Real estate developers: They need site selection imagery and progress documentation for investors. Developers often manage multiple projects and can feed you ongoing work.
Architecture and engineering firms: They use drone data for design verification and as-built documentation. A single AE firm might recommend you on every project they consult on.
How to Reach Them
Job site visits: The most effective method. Drive past active construction sites in your area. Note the company names on the job site signs. Call their office and ask for the project manager. Offer a free demo flight showing what their site looks like from above.
LinkedIn: Connect with project managers, superintendents, and VPs at local construction companies. Share aerial content from demo flights (blur or obscure any identifiable project details if you do not have permission).
Industry events: Construction trade shows and local builder association meetings put you in a room with potential clients. Bring a tablet with sample deliverables.
Referral partnerships: Partner with land surveyors who do not offer drone services. They can refer aerial work to you while you refer ground survey work to them.
The Demo Flight Strategy
Offer one free or discounted flight to prove your value. Choose a site they are actively working on. Fly it, process the data quickly, and deliver a polished package:
- Orthomosaic map overlaid on the site plan
- 5-10 progress photos from strategic angles
- A 3D flythrough video (processing software generates these automatically)
- A brief summary highlighting anything notable you observed
Deliver this within 24 hours. Speed demonstrates professionalism. A contractor who sees usable data within a day of the flight is far more likely to sign a contract than one waiting a week.
Scaling Your Construction Business
One construction client is good. Three is a sustainable business. Here is how to grow:
- Master one service first. Get really good at progress monitoring before adding 3D modeling, thermal, or volumetric analysis.

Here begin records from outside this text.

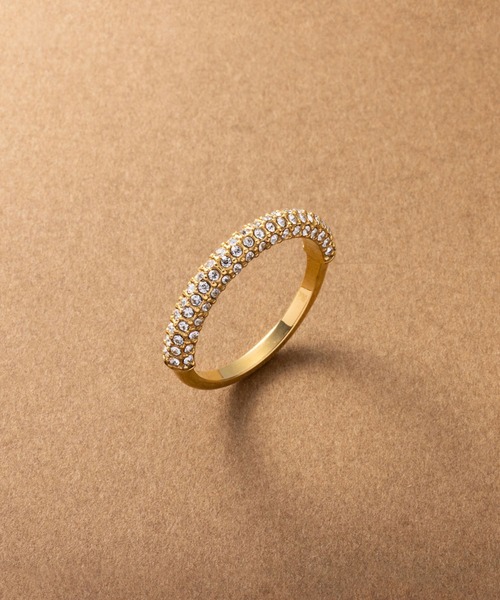 Cream dot.(クリームドット)の「【サージカルステンレス】贅沢ビジュー/パールの選べる2タイプ、ラグジュアリーなステンレス製リング(リング・レディース・ピンク系その他/シルバー系その他/ゴールド系その他/ゴールド/ピンク/シルバー・12号/17号/15号)」の13枚目の写真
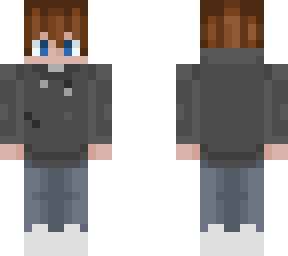brown hair blue eyes boy hoodie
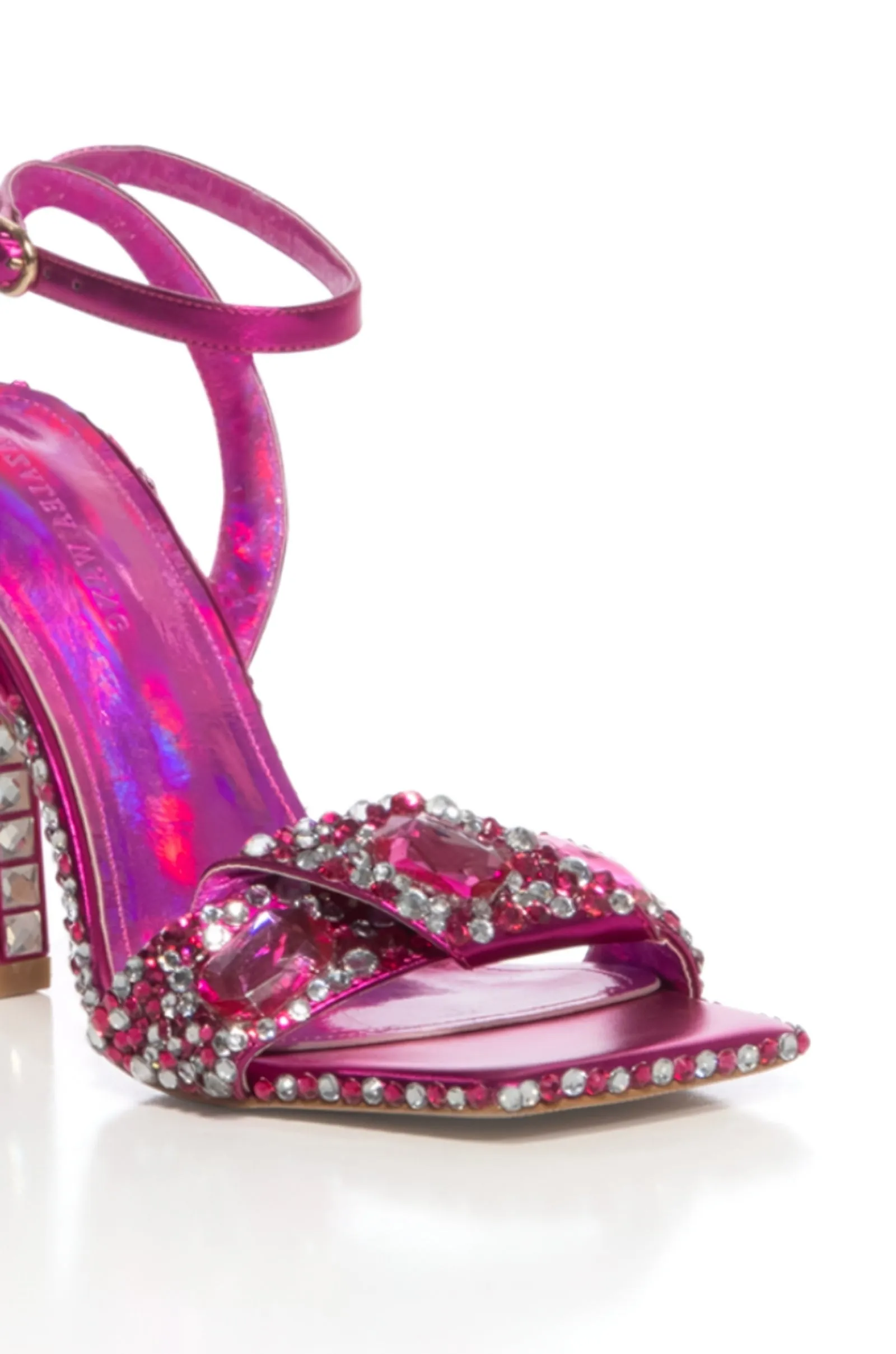 DISCOBALL-FUCHSIA STILETTO SANDAL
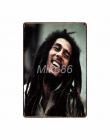 [Mike86] Bob Marley muzyka metalowa plakietka emaliowana wystrój pokoju ścienne w stylu Vintage rzemiosła dla domu Pub 20*30 CM 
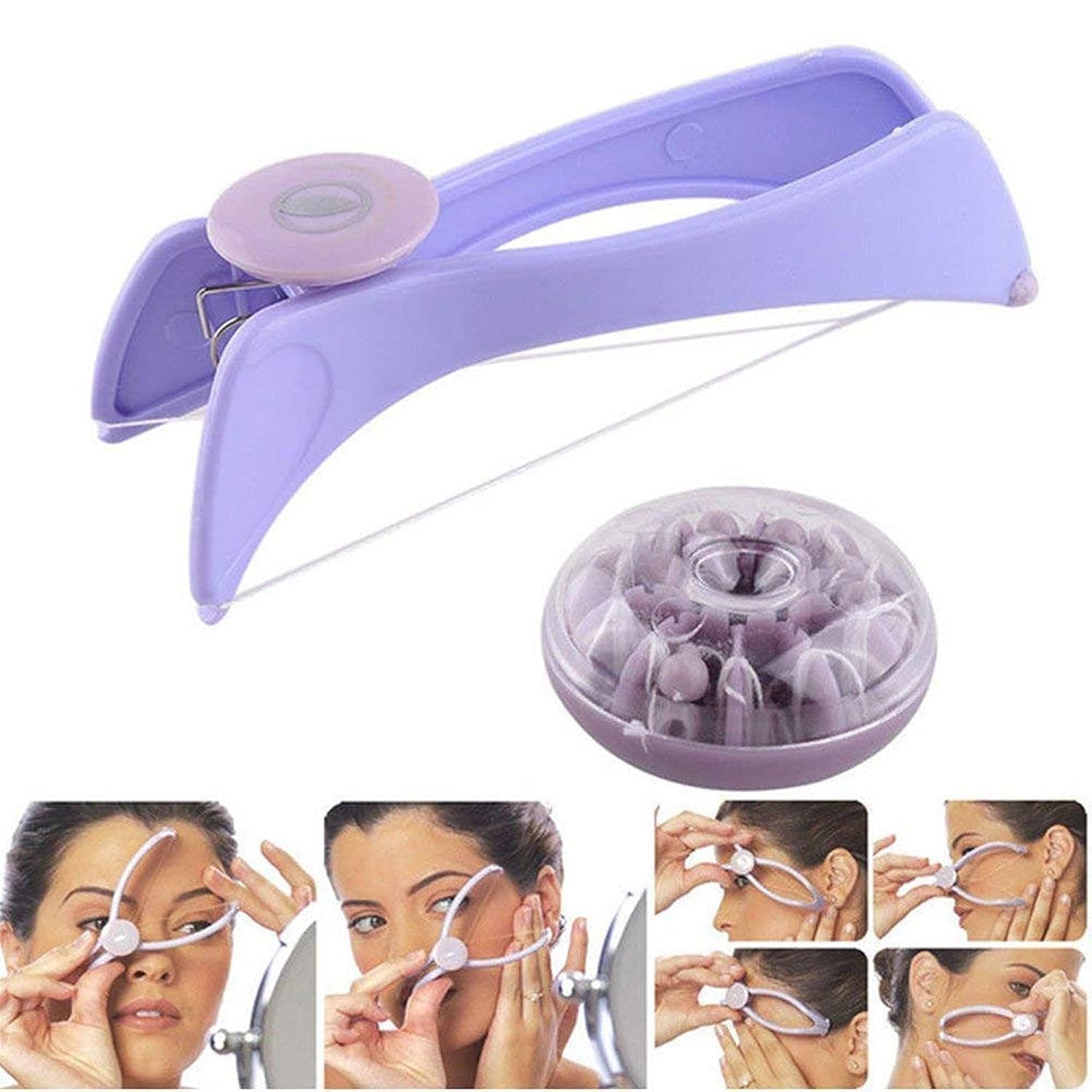 Precision Face & Body Hair Threading Tool – Professional Epilator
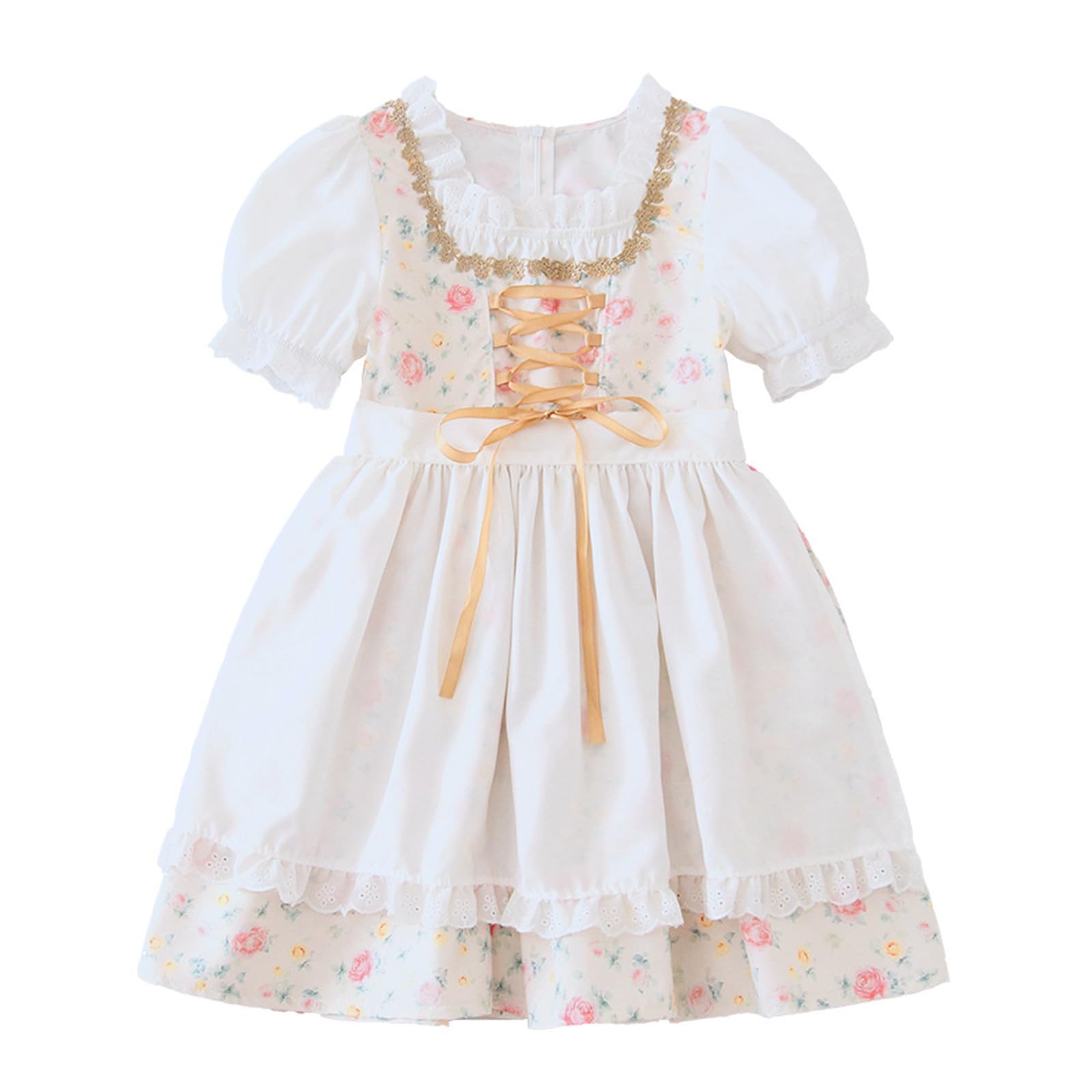 Dirndl Donna Lungo Abito da Cerimonia Donna Costume Bavarese Abito Tradizionale Abito Rurale Raffinato per Feste in Maschera e Eventi a Tema Birra Senza Restrizioni di Taglie Tracht Cameriera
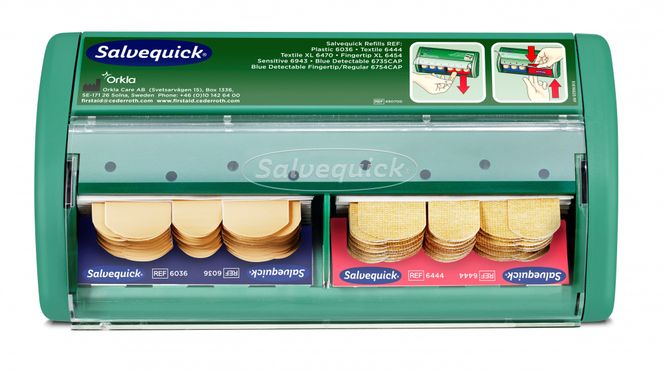 Hovedbilde Dispenser med 40 tekstil + 45 plastplaster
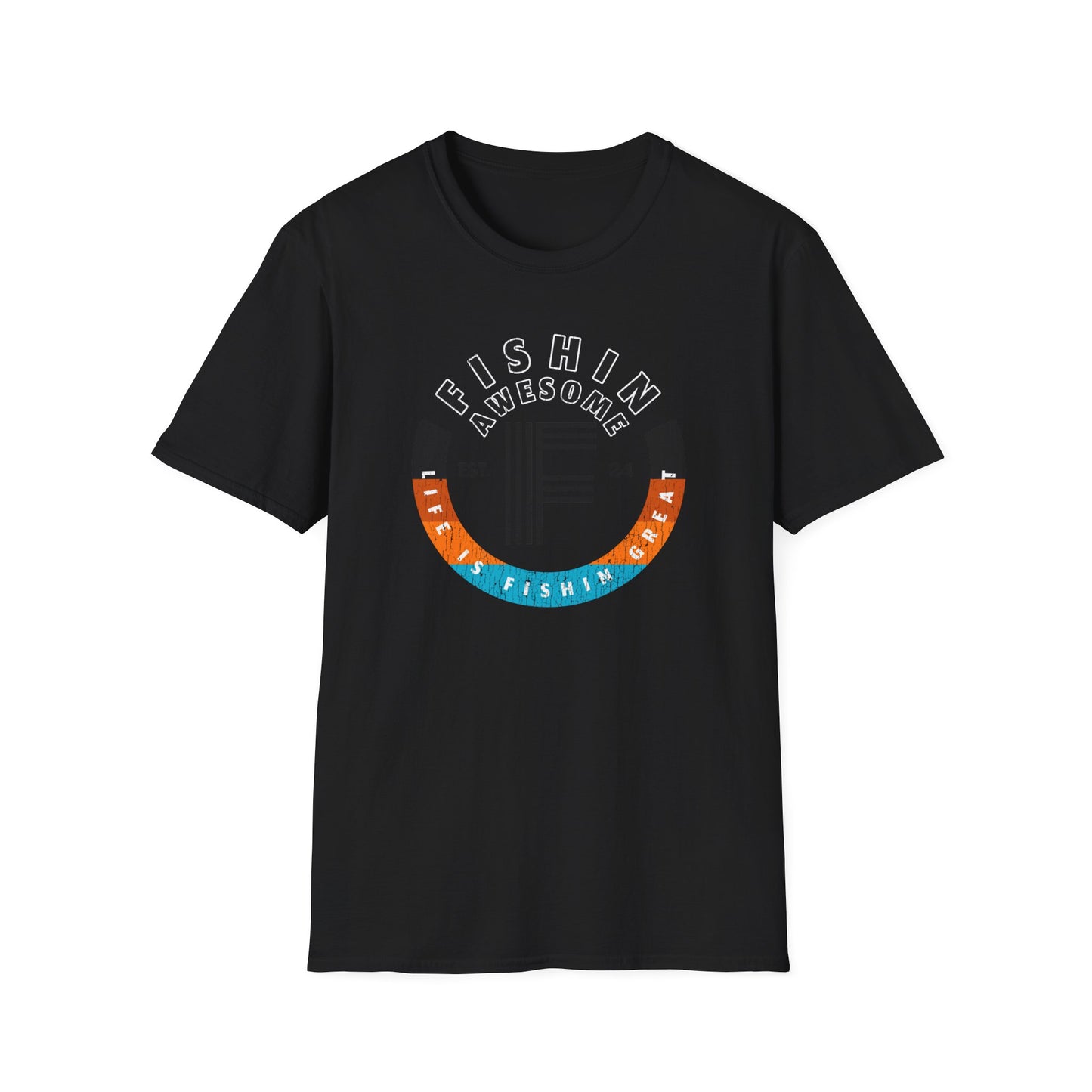 Life Is Fishin Great Circle T-Shirt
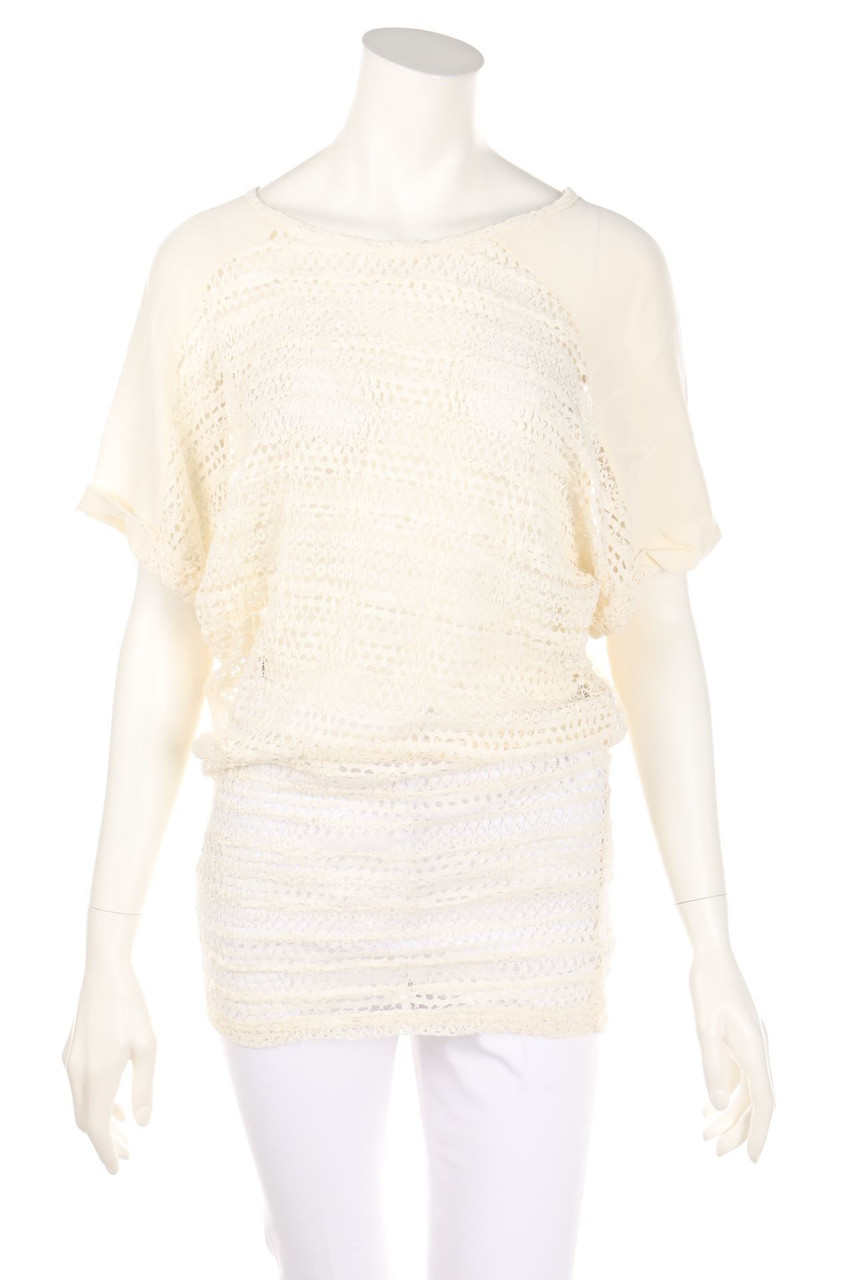 NEW YORK INDUSTRIE - Blouse, Lace with Silk - D 40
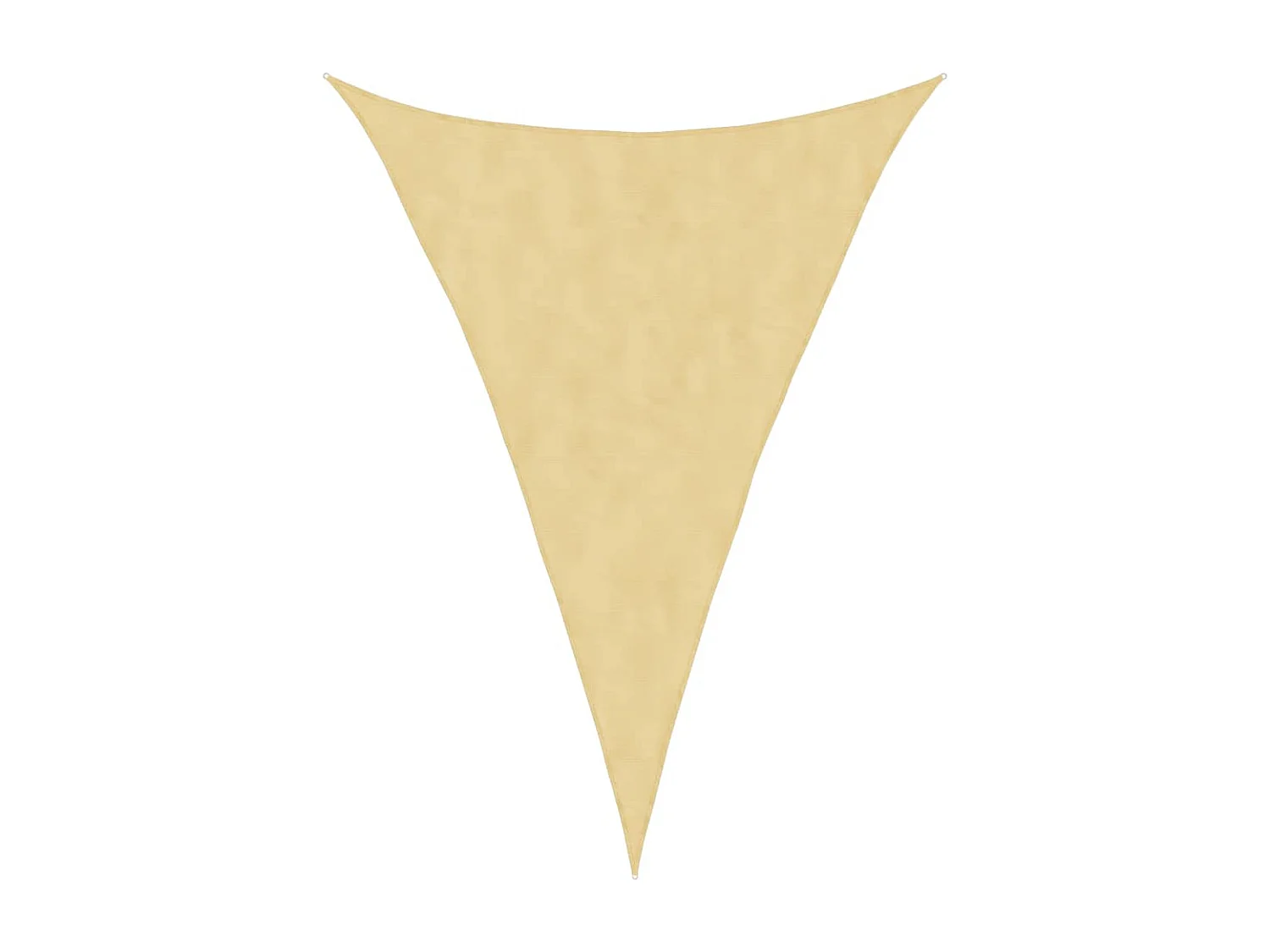 Voile d'ombrage sable 5x7x7 m 100 % polyester oxford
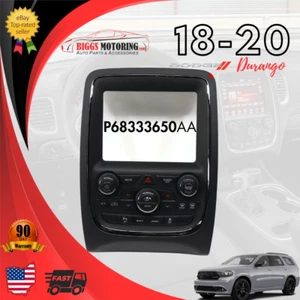 2018-2020 Dodge Durango Radio Face Climate Control Panel P68333650AA - Picture 1 of 8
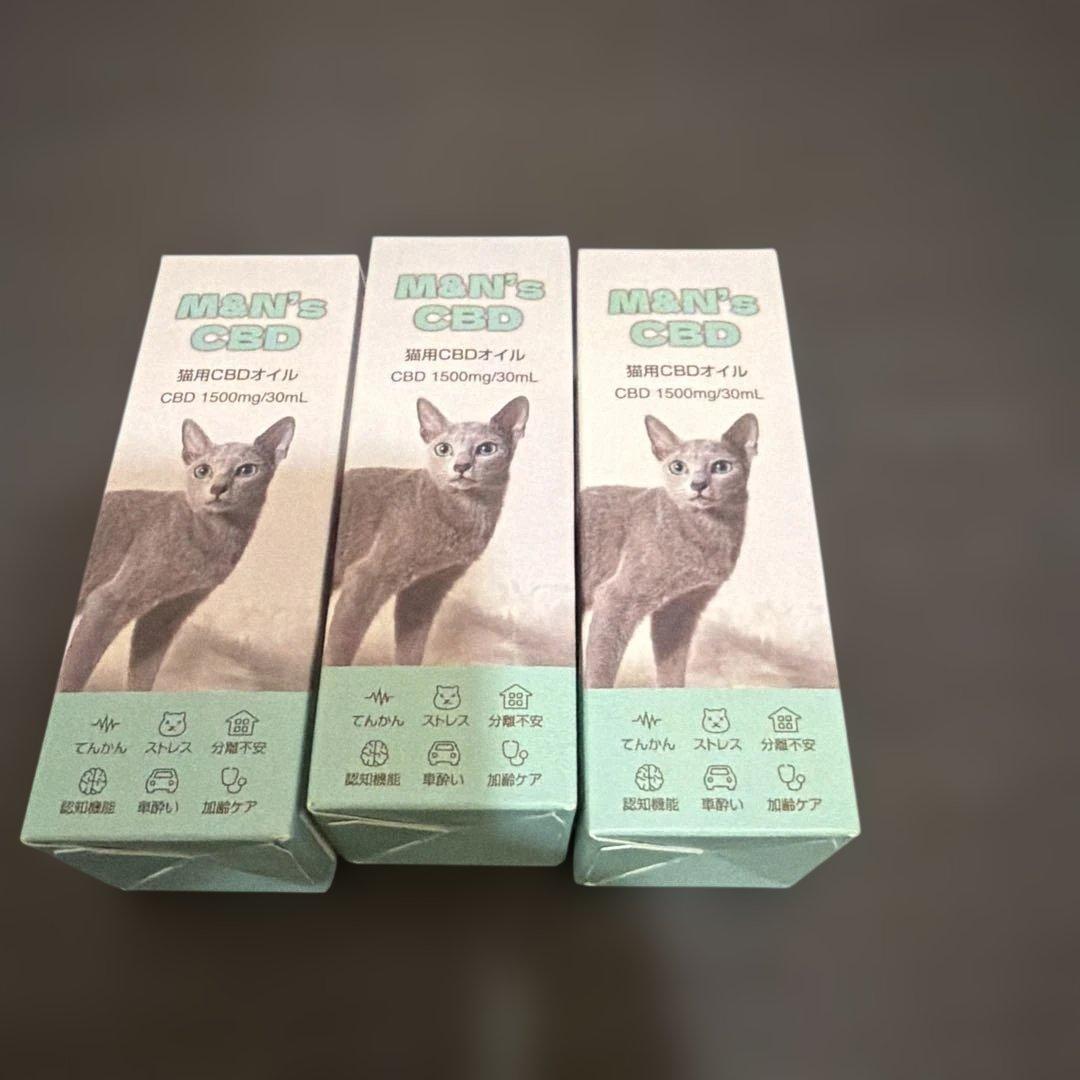 M&N's CBD 猫用CBDオイル 1500mg/30mL x3 Amazon | M&N's 猫用CBD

- Hire a second pilot. When you have more work than you can fly yourself, train someone to handle overflow.
- Invest in better equipment. RTK drones and dedicated mapping cameras open the door to higher-paying work that consumer drones cannot deliver.
- Expand geographically. Construction drone services work in every city. The same skills transfer to new markets.
- Build a portfolio. Document your projects (with client permission). Case studies sell your services better than any marketing copy.
The construction drone market is growing, but it is still early enough that reliable, professional pilots are in short supply in most markets. Show up on time, deliver quality data, and the contracts will follow.